- WHAT IS EXPECTED:
Please output every record below exactly as written, leaving out any pictures.

- INFORMATION:
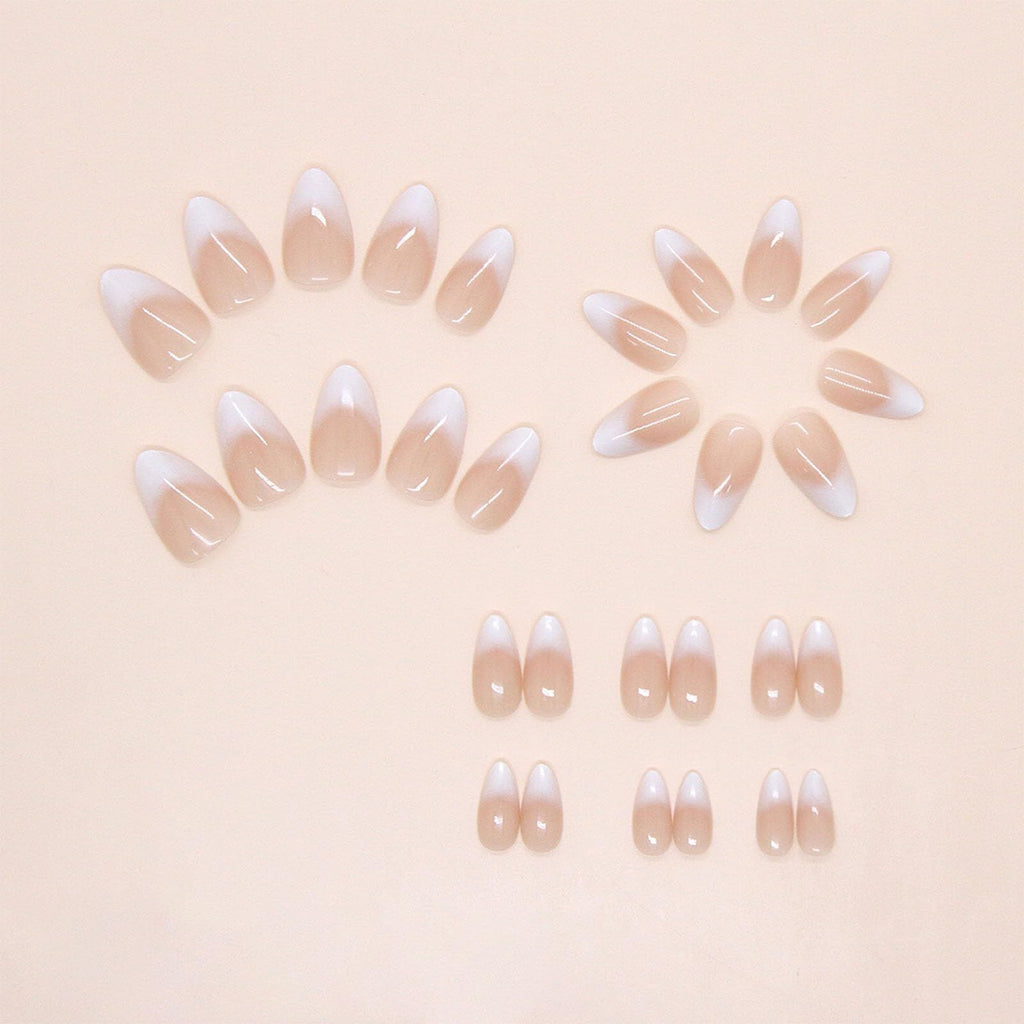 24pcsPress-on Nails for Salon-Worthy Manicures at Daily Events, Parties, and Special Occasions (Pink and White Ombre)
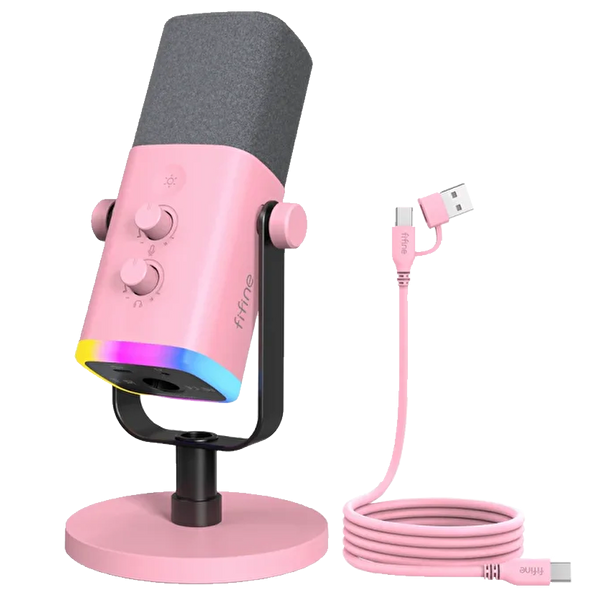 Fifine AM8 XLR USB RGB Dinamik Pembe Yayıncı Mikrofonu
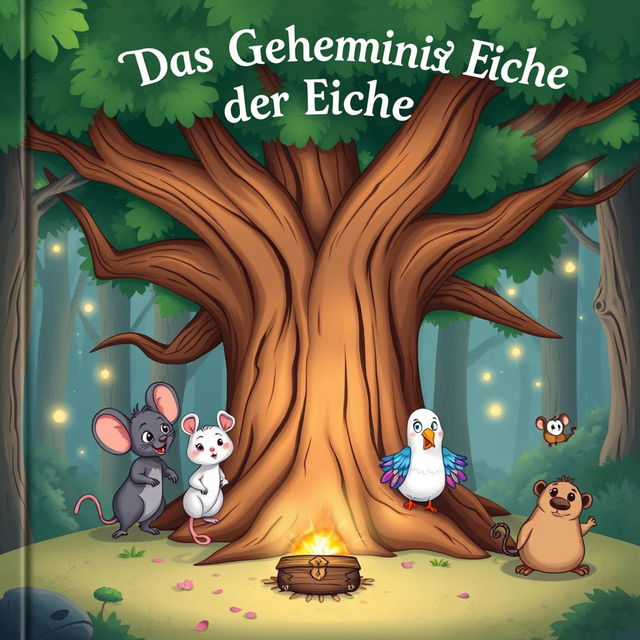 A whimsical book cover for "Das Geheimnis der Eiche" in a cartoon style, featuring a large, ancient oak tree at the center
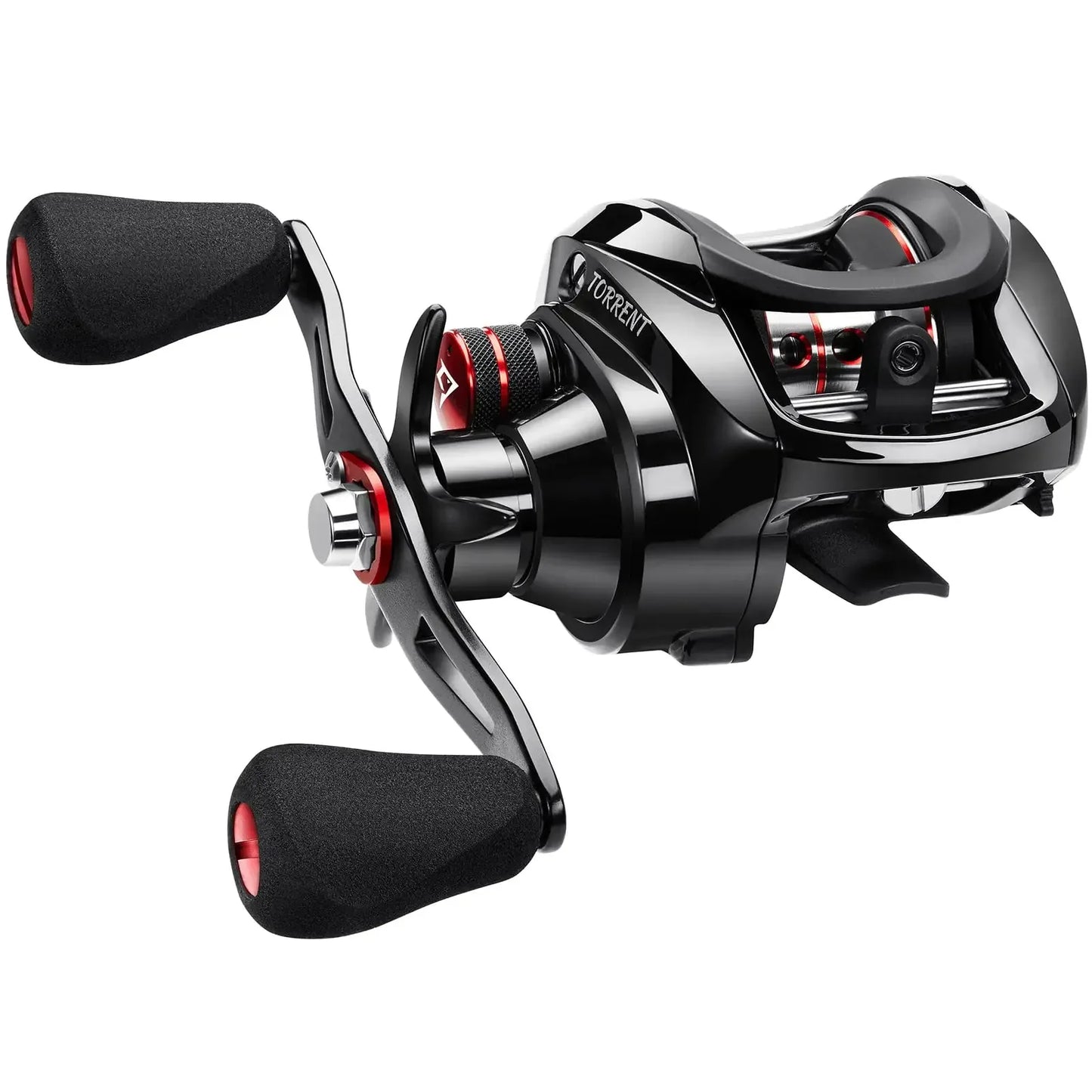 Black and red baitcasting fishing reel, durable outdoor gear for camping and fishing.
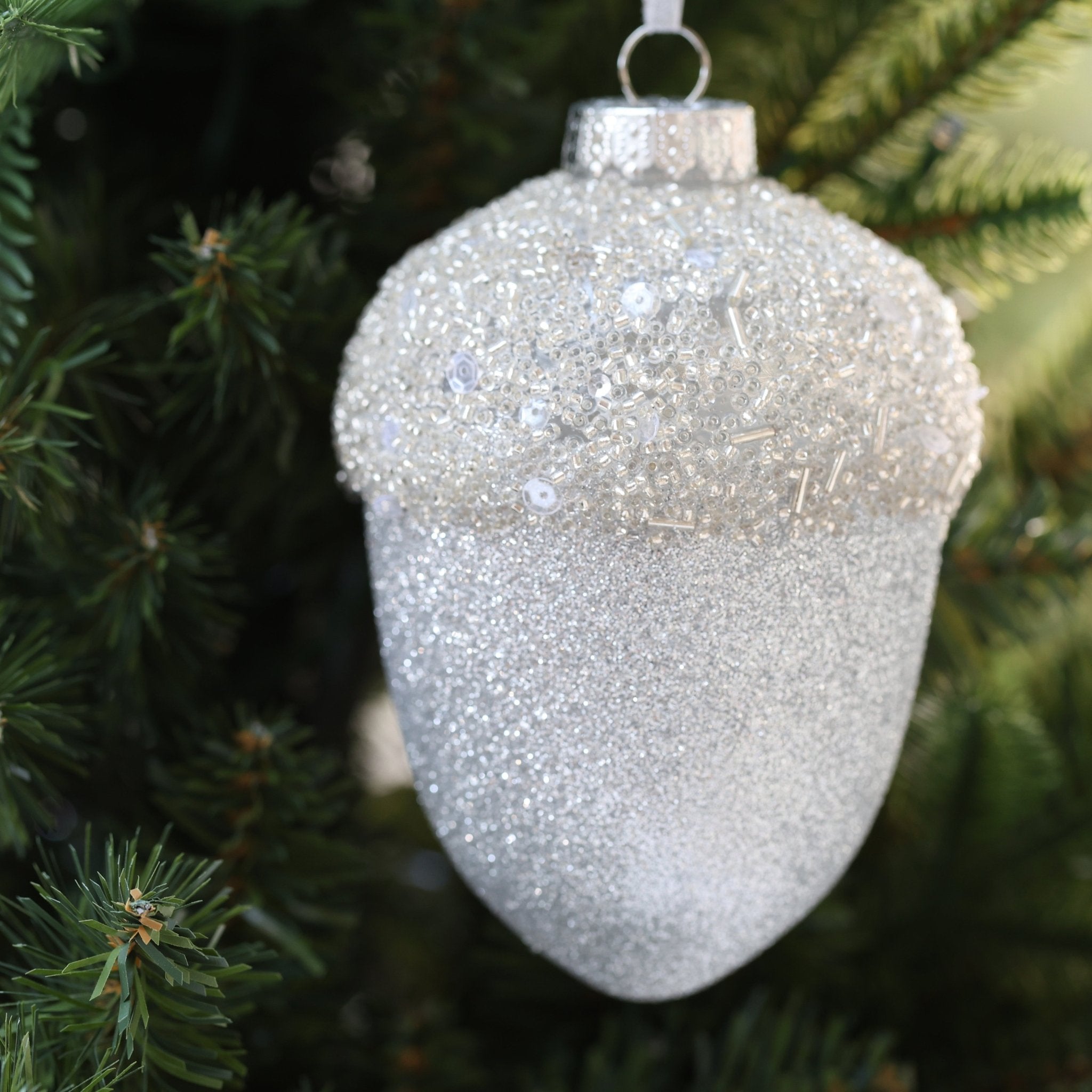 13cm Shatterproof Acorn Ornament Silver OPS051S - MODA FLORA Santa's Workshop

- RESULT:
 24pcsPress-on Nails for Salon-Worthy Manicures at Daily Events, Parties, and Special Occasions (Pink and White Ombre)
 Fifine AM8 XLR USB RGB Dinamik Pembe Yayıncı Mikrofonu
 A whimsical book cover for "Das Geheimnis der Eiche" in a cartoon style, featuring a large, ancient oak tree at the center
 Black and red baitcasting fishing reel, durable outdoor gear for camping and fishing.
 13cm Shatterproof Acorn Ornament Silver OPS051S - MODA FLORA Santa's Workshop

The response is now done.